In 2018, the Game Developers Conference, held in San Francisco, previewed a remarkable game that would quietly become the culture’s new obsession a year later. It didn’t feature any action (the gun-toting kind, at least), no dramatic tension to speak of, not even a Norman Reedus motion-capture peeing performance. This self-described “stealth puzzle game” just had one playable character and one goal.

You’re a goose and your job is to be a total dick.

That’s the pure joy emanating from this weekend’s release of Untitled Goose Game. (It’s a game about a goose that didn’t have an official title, hence it’s now-official title Untitled Goose Game.) It’s almost a primal joy. As the gaming medium continues to become more advanced with new technology and storytelling capabilities, creators embrace more creative methods to comment on the world in which we all live. Hideo Kojima, the prolific mastermind behind Metal Gear Solid, teases an entirely new form of videogame with Death Stranding. Untitled Goose Game is not that. In some ways it can be like Metal Gear Solid in that it’s about strategy and going unseen when you can. However, the description gets to the heart of this journey: “It’s a lovely morning in the village, and you are a horrible goose.”

Developed by Australia-based indie studio House House and published by Panic Inc., the game begins with the player’s most formidable weapon: a honk. When the goose honks, kids with glasses run away in fear; gardeners turn their heads, leaving their precious tools unguarded; and old men playing ring toss lose their focus, leaving you a window to foil their good time.

While players have free rein to use their avian abilities for pure evil — like untying a child’s shoes so that when he chases you for stealing his glasses later he’ll fall flat on his face — there is some order to the chaos.

The goose comes with a to-do list of terrorist acts. When you begin, after you take a tranquil swim through a park stream, it’s your job to find your way into a private garden, get the gardener soaking wet (your only choice is turning on the sprinkler as he tends to his precious plants), steal his keys, and generally ruin his day by being a boisterous, pesky imp. It’s some truly messed-up stuff, but how you achieve these tasks is up to you.

Like the infamous honey badger before it, the goose doesn’t give a you-know-what.

The origin of Untitled Goose Game is equally enjoyable to witness. Michael McMaster from House House shared screenshots from a Slack chat that begins with “let’s make a game about this” and quickly evolves into a conversation about how “the whole animal is just two colors” and how “the beak frowns always.” That’s why, in just a few days since its release, the game has sparked joy over the weekend: It’s about the simple joys in watching a goose run amok.

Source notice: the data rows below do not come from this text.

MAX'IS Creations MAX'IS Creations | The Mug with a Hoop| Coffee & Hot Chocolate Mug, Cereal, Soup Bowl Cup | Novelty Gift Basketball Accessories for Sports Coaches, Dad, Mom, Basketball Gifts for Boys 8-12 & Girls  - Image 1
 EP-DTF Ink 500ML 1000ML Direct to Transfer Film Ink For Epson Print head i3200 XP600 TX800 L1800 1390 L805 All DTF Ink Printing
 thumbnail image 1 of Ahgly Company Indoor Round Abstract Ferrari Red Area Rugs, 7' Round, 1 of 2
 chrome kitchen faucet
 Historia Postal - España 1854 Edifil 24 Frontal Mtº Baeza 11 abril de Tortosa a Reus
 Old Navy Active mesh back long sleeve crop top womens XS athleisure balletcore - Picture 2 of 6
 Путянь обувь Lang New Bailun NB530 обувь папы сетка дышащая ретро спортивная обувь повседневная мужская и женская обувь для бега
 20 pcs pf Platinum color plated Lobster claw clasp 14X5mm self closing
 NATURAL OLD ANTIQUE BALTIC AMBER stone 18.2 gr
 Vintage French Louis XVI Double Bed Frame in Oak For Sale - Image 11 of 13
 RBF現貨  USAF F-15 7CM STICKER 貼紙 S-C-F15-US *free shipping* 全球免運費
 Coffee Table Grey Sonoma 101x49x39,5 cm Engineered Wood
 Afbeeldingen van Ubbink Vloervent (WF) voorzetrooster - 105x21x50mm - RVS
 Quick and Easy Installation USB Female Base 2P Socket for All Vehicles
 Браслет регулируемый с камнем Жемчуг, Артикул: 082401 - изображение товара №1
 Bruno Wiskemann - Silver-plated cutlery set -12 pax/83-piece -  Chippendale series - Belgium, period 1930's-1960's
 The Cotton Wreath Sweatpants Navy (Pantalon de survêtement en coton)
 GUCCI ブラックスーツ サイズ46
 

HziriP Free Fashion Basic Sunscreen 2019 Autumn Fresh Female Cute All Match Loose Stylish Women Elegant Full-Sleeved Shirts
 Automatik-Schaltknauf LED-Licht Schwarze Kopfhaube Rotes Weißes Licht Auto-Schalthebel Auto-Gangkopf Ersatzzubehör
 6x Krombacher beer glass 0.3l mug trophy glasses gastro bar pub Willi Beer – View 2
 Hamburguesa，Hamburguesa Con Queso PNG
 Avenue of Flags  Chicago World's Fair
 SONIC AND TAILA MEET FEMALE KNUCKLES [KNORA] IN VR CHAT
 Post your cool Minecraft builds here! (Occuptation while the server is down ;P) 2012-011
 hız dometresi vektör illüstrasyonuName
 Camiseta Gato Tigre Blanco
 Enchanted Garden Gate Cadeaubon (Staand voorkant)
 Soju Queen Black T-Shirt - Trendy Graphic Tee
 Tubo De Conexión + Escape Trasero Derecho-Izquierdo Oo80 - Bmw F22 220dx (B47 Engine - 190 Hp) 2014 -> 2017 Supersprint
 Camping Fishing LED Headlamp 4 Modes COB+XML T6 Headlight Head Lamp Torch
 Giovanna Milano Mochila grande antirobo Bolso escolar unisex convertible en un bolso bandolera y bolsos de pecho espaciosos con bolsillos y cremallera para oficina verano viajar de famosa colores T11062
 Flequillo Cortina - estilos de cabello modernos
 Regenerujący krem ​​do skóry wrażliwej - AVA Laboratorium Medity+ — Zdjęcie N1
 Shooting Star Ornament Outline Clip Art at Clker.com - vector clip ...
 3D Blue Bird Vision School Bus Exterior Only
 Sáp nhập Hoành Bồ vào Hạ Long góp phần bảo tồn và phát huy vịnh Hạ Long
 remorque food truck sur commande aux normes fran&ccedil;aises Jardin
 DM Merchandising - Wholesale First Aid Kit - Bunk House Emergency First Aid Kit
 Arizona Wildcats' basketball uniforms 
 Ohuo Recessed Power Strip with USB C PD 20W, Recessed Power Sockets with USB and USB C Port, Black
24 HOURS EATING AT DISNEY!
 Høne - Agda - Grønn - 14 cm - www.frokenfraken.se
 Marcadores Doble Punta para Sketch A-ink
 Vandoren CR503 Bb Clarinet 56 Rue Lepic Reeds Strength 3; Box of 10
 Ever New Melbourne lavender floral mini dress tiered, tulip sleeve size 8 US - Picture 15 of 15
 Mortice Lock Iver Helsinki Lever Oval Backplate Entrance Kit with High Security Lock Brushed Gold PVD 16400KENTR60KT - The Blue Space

The animation, too, is less involved than whatever project is vying for a Game Award, but it lends itself to a more stripped-down puzzle that homes in on the raw, slapstick pleasures brought by this tormented creature’s existence. (What happened to this bird that it now hopes to turn earth into the 10th layer of hell?)

Like a mad Captain Ahab chasing the white whale, the white-feathered goose is a blank canvas to catch your wants, dreams, hopes, whatever you’re chasing, whatever you want to be… or maybe it’s just really fun to be a total bird bastard.

Untitled Goose Game is available now through Microsoft Windows, macOS, and Nintendo Switch.